■ **TASK TO COMPLETE**
Your answer must be the lines from the one containing "Cheapest Way to Move Locally" through the last line below, copied exactly, with no pictures.

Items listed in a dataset
☆ ☆ ☆

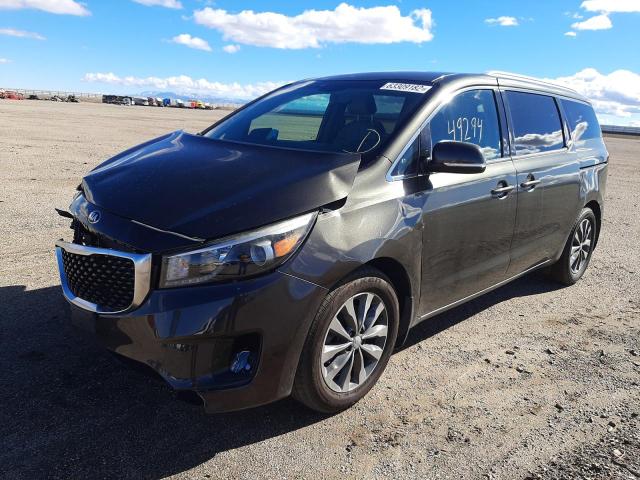 Photo 2 from auction – 2016 KIA SEDONA EX with VIN KNDMC5C14G6139629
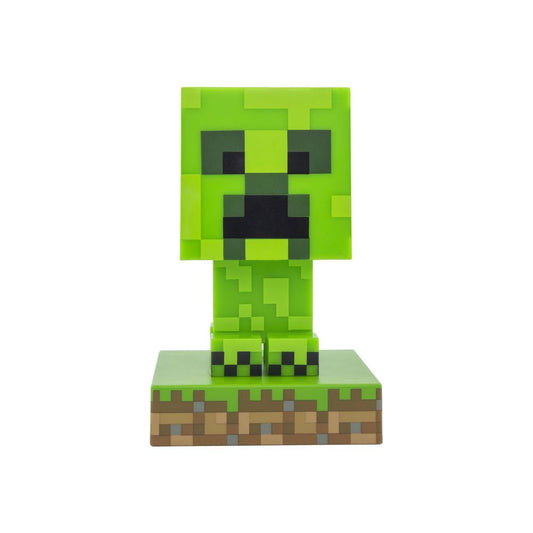 Minecraft - Creeper - Pöytävalaisin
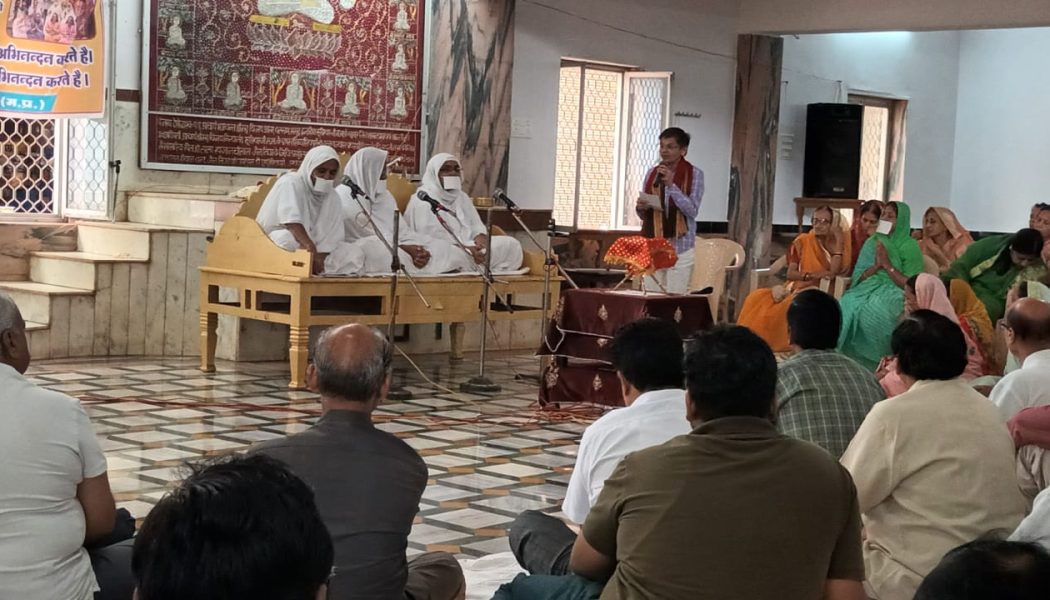 साध्वी रमणीक कुंवर जी ने दीक्षा की अनुमति लेने के लिए किया था विवाह : साध्वी नूतन प्रभाश्री जी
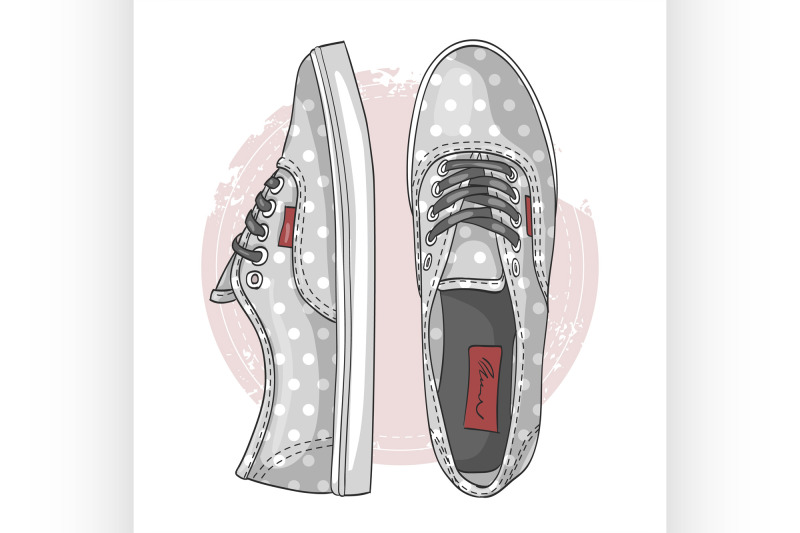 fashion-vector-sketch-womens-shoes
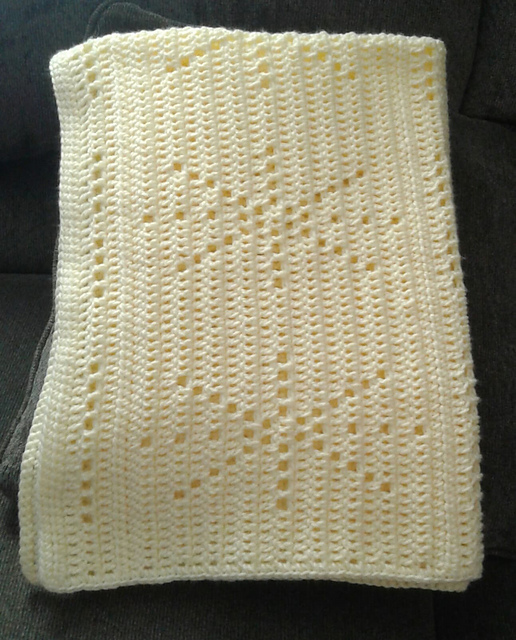 Starburst Baby Blanket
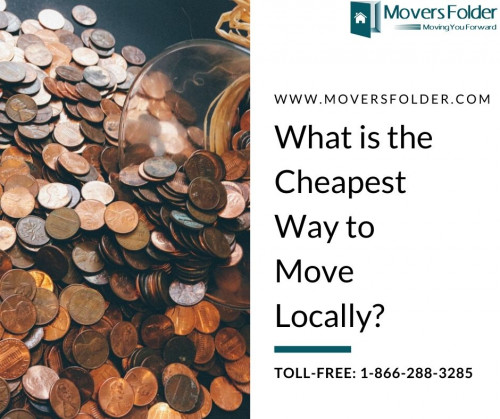 Cheapest Way to Move Locally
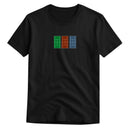 Camiseta - Mini Quadra Grama Saibro Dura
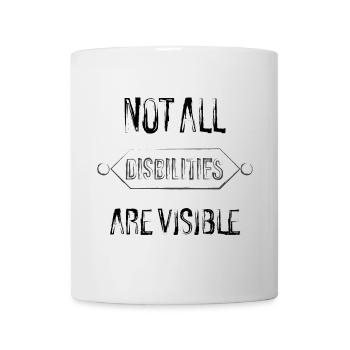 not all disabilities. - Mug - white - Front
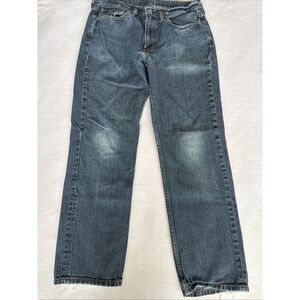 Levi's  514 Denim Blue Jeans Men's Size 34/32‎ See Photos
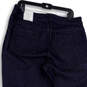 NWT Womens Blue Denim Dark Wash Pockets Slim Fit Straight Leg Jeans Size 3 image number 4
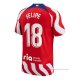 1ª Camiseta Atletico Madrid Jugador Felipe 2022-2023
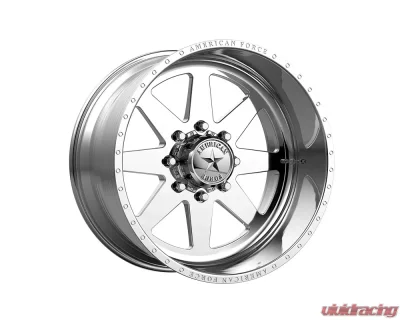 American Force AFW 11 Independence SS Wheel 20x10 8x8x165.1 -25mm Polished - AFTD11D22-1-21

☆ ☆ ☆

■ **OUTPUT FOR THIS TASK**
 Cheapest Way to Move Locally
 Camiseta - Mini Quadra Grama Saibro Dura
 not all disabilities. - Mug - white - Front
 Levi's  514 Denim Blue Jeans Men's Size 34/32‎ See Photos
 NWT Womens Blue Denim Dark Wash Pockets Slim Fit Straight Leg Jeans Size 3 image number 4
 1ª Camiseta Atletico Madrid Jugador Felipe 2022-2023
 American Force AFW 11 Independence SS Wheel 20x10 8x8x165.1 -25mm Polished - AFTD11D22-1-21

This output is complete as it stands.